__What needs to be done__: Please give back word for word the lines below, from the first one through the one with "Grå Begagnad 2004".
** Opening Task data block **
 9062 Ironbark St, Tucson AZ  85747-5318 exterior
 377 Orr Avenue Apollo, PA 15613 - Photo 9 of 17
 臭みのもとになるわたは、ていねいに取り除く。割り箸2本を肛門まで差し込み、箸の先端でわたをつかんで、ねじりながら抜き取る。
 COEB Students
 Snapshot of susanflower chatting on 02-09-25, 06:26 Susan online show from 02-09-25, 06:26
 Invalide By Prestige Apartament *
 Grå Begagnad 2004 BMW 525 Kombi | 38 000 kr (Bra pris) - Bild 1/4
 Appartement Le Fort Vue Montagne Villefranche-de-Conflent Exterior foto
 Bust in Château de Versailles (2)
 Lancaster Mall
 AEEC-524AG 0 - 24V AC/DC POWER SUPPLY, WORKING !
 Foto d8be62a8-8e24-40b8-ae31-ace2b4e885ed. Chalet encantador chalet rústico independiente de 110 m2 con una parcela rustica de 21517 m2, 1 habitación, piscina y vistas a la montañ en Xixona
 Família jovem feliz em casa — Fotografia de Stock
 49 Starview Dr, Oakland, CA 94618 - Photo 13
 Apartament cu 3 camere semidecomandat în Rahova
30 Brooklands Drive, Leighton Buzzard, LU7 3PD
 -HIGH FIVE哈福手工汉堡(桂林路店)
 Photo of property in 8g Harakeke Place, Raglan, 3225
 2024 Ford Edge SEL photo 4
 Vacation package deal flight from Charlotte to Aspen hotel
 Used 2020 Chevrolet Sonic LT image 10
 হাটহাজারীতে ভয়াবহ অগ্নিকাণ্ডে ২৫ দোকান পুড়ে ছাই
** Closing Task data block **
__Answer section__:
 9062 Ironbark St, Tucson AZ  85747-5318 exterior
 377 Orr Avenue Apollo, PA 15613 - Photo 9 of 17
 臭みのもとになるわたは、ていねいに取り除く。割り箸2本を肛門まで差し込み、箸の先端でわたをつかんで、ねじりながら抜き取る。
 COEB Students
 Snapshot of susanflower chatting on 02-09-25, 06:26 Susan online show from 02-09-25, 06:26
 Invalide By Prestige Apartament *
 Grå Begagnad 2004 BMW 525 Kombi | 38 000 kr (Bra pris) - Bild 1/4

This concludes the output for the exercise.